# Chronic Ear Infections



## thepawspaandresort (Apr 9, 2018)

I was wondering if anyone had any all natural/homeopathic recipes for chronic ear infections? My old guy had chronic ear infections that ooze this black liquid. I have taken him to the vet and he has been on mometamax on and off, but it gives him this horrible body odor when he is on it. Also, the ear infection comes back as soon as he gets off the medication.

It's not his diet or anything like that. We've been working at this for about 10 years now, so I would really like to find a more natural way to clear this up since he is getting old (he recently turned 12)


----------



## Sunsilver (Apr 8, 2014)

Oozing black liquid?? (Sorry, having to censor my language here...what I'd like to say isn't allowed!) I think you need a new vet! 

There is NO WAY this should have been allowed to go on so long!

How is your dog when you try to clean/treat his ears? I have a female that HATE HATE HATES it and resists me with all her strength. So, what I've found that works is to fill a 1 ml. syringe with ear cleaner, and carefully inject it into the ear canal. (NO needle, of course!) That gets the cleaner down where it will do the most good.

After about an hour or so, I then put Surolan in the ear. I've noticed a tremendous improvement in her ear problems after doing this for just one week. Prior to this, she was fighting me so much that the medication didn't get where it needed to go, and both of us were getting really stressed out.


----------



## MiikalLK (Jan 29, 2018)

I have a male gsd that has bad ears too, for 3 years he had that black yeasty crud. I found this two step ear cleanser treatment that has essentially solved our issues. Here's a link to it https://www.amazon.com/Vets-Best-Cleaner-Relief-Wash/dp/B0002AQMB4. The cleanser cleans everything out really well, and the liquidy lotion dries up into a powder that removes all remaining moisture. The first time I used the ear dry I put too much in both ears but my god, totally cleared out the gross and for the first time our boy has normal coloured ear wax. Highly reccomend!


----------



## Courtney (Feb 12, 2010)

I recommended this for my MIL's dog who was getting chronic ear infections. She said it cleared them up. Don't clean the ear prior to using, the ears should be 'dirty'.

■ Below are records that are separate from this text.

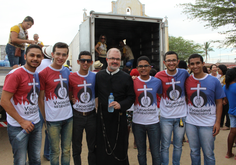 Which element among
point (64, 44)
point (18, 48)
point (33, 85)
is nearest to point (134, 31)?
point (18, 48)

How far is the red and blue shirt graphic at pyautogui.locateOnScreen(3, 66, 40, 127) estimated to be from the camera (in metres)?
2.21

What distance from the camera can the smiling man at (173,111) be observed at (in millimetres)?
2805

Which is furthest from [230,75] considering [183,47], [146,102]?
[183,47]

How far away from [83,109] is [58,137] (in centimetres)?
53

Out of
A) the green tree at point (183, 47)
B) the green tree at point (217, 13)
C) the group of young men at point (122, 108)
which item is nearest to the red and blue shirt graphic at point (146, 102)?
the group of young men at point (122, 108)

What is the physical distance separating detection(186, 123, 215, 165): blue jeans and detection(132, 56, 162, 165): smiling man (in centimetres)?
48

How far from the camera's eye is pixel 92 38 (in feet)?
19.1

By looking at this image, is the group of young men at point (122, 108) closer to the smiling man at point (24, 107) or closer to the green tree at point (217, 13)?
the smiling man at point (24, 107)

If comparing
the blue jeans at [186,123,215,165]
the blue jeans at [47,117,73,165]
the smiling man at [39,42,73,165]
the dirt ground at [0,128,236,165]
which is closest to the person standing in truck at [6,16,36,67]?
the smiling man at [39,42,73,165]

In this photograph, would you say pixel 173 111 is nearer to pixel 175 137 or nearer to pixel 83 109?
pixel 175 137

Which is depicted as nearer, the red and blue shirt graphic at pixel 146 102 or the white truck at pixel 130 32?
the red and blue shirt graphic at pixel 146 102

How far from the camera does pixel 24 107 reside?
2.29 metres

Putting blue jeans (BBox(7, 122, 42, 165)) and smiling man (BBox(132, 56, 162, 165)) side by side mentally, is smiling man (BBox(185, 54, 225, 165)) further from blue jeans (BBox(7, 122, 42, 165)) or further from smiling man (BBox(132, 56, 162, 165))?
blue jeans (BBox(7, 122, 42, 165))

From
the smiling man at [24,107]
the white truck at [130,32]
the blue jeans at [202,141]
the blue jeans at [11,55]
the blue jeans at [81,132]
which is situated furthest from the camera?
the white truck at [130,32] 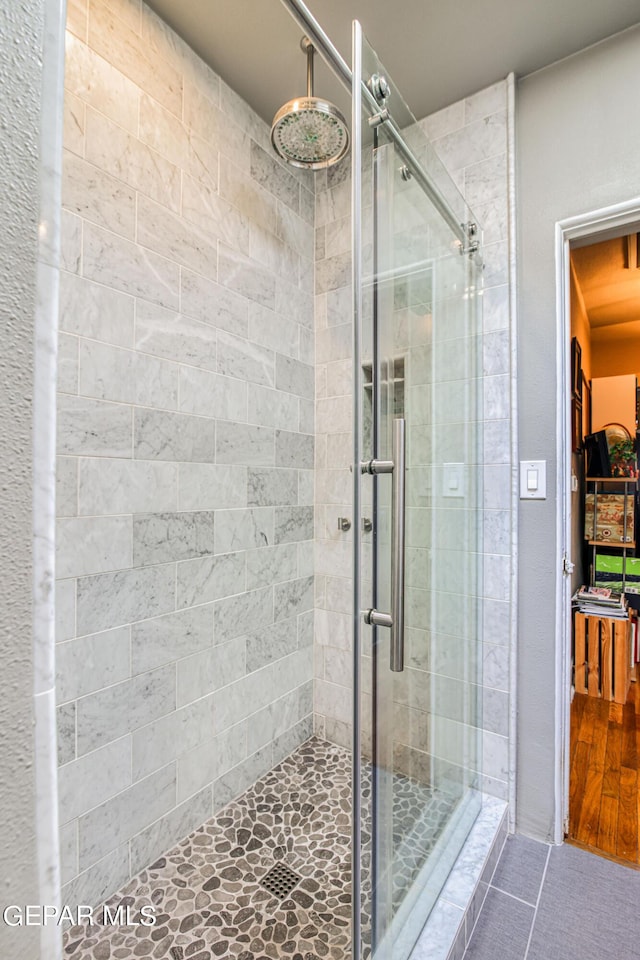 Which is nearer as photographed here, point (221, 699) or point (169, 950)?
point (169, 950)

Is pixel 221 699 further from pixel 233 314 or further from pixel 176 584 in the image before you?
pixel 233 314

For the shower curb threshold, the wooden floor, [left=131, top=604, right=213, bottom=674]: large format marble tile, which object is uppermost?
[left=131, top=604, right=213, bottom=674]: large format marble tile

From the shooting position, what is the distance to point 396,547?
0.99 m

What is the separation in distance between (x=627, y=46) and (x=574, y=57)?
6.3 inches

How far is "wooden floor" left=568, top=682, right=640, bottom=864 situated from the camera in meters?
1.58

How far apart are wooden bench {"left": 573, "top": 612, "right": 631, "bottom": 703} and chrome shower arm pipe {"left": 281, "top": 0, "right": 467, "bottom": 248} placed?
8.30 feet

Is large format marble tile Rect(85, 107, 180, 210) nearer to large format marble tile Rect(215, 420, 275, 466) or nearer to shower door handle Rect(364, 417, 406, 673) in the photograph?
large format marble tile Rect(215, 420, 275, 466)

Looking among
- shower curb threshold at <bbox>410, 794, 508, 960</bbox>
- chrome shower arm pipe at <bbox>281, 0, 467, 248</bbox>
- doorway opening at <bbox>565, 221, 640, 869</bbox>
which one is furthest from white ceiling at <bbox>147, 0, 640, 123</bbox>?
shower curb threshold at <bbox>410, 794, 508, 960</bbox>

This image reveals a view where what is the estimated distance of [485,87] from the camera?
1.73 meters

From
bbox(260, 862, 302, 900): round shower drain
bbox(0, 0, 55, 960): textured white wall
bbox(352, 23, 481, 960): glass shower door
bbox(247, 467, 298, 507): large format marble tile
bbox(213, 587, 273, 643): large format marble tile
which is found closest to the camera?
bbox(0, 0, 55, 960): textured white wall

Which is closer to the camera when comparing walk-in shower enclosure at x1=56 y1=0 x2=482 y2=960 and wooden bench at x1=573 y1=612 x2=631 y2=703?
walk-in shower enclosure at x1=56 y1=0 x2=482 y2=960

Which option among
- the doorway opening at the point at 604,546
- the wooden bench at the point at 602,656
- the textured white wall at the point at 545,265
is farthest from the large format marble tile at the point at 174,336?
the wooden bench at the point at 602,656

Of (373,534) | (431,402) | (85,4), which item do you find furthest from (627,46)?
(373,534)

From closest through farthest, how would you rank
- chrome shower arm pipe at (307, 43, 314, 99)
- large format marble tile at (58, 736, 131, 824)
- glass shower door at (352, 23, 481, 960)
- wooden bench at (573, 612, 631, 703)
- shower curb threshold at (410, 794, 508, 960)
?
glass shower door at (352, 23, 481, 960) → shower curb threshold at (410, 794, 508, 960) → large format marble tile at (58, 736, 131, 824) → chrome shower arm pipe at (307, 43, 314, 99) → wooden bench at (573, 612, 631, 703) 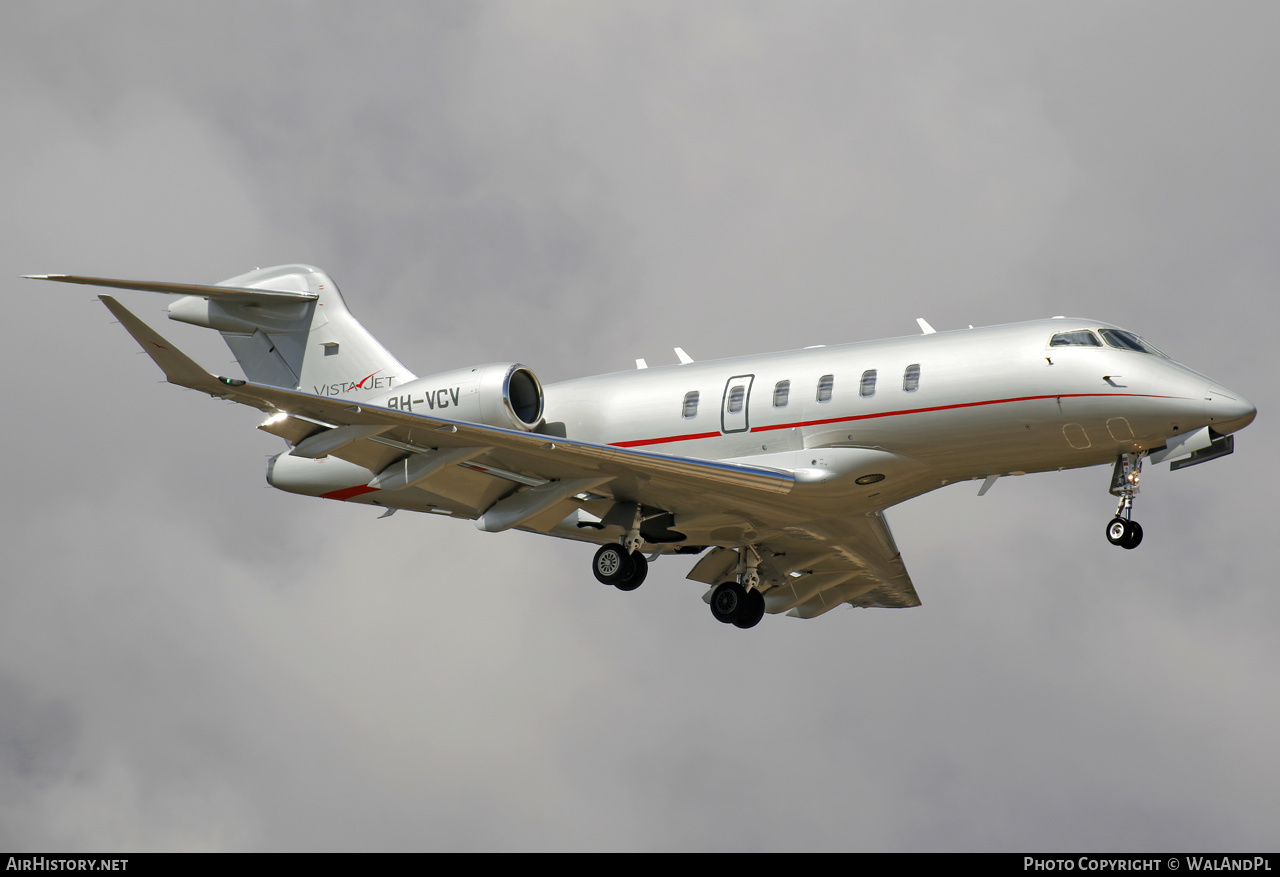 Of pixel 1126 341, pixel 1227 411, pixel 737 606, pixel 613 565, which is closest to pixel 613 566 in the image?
pixel 613 565

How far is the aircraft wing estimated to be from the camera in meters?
19.4

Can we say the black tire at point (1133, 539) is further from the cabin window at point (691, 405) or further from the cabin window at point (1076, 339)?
the cabin window at point (691, 405)

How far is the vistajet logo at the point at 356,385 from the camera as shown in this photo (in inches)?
1016

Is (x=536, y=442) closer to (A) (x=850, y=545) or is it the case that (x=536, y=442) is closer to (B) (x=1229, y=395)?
(A) (x=850, y=545)

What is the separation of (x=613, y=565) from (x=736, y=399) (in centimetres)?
296

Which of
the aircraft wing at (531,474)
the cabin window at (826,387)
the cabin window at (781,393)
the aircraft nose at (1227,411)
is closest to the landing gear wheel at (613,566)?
the aircraft wing at (531,474)

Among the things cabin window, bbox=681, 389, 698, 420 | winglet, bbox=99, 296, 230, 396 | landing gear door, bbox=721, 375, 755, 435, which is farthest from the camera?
cabin window, bbox=681, 389, 698, 420

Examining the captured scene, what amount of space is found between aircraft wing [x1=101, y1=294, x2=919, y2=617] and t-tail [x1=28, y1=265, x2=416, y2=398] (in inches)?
107

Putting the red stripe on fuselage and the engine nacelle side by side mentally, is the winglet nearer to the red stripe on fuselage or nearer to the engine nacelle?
the engine nacelle

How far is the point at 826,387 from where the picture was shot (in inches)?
837

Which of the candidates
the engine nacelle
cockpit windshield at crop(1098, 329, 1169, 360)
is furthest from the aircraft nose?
the engine nacelle

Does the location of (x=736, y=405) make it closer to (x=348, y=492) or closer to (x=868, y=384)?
(x=868, y=384)

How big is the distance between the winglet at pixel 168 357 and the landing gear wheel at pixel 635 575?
6.50 meters

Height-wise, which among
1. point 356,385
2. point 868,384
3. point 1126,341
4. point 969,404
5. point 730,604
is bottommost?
point 730,604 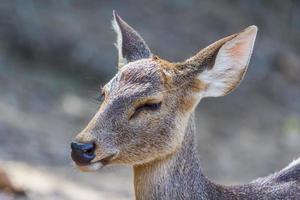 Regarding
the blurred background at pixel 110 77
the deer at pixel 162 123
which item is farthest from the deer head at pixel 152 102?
the blurred background at pixel 110 77

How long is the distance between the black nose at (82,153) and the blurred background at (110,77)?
15.1 ft

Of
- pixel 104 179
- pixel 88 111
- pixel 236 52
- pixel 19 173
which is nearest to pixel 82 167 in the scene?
pixel 236 52

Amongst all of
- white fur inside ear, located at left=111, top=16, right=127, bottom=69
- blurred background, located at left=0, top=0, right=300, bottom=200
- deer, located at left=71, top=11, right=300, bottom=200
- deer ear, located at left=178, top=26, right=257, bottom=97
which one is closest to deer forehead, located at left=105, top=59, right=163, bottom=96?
deer, located at left=71, top=11, right=300, bottom=200

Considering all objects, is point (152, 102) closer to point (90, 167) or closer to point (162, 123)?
point (162, 123)

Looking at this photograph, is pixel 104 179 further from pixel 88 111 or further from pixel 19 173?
pixel 88 111

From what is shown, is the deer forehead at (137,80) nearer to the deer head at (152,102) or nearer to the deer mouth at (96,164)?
the deer head at (152,102)

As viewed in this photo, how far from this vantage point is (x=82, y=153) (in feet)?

https://www.amazon.com/Hydrocortiso...527875196&sr=8-2&keywords=zymox+ear+treatment


----------



## Magwart (Jul 8, 2012)

1. You must culture that ear infection. I'm annoyed that your vet hasn't already done that -- it costs about $100 to send it off to the lab, and you'll have an answer back within a week. Chronic, recurring ear infections are sometimes resistant to commonly used antibiotics, so culturing them will tell you what you've got. It will also tell you if there's any drug left that works on the particular microbes your dogs have -- antibiotic resistance is real, and it's a big, big problem. Progressive vets are culturing _all _of them now because there's so much resistance, but old school vets seem to have not yet understood how serious the problem of resistance is.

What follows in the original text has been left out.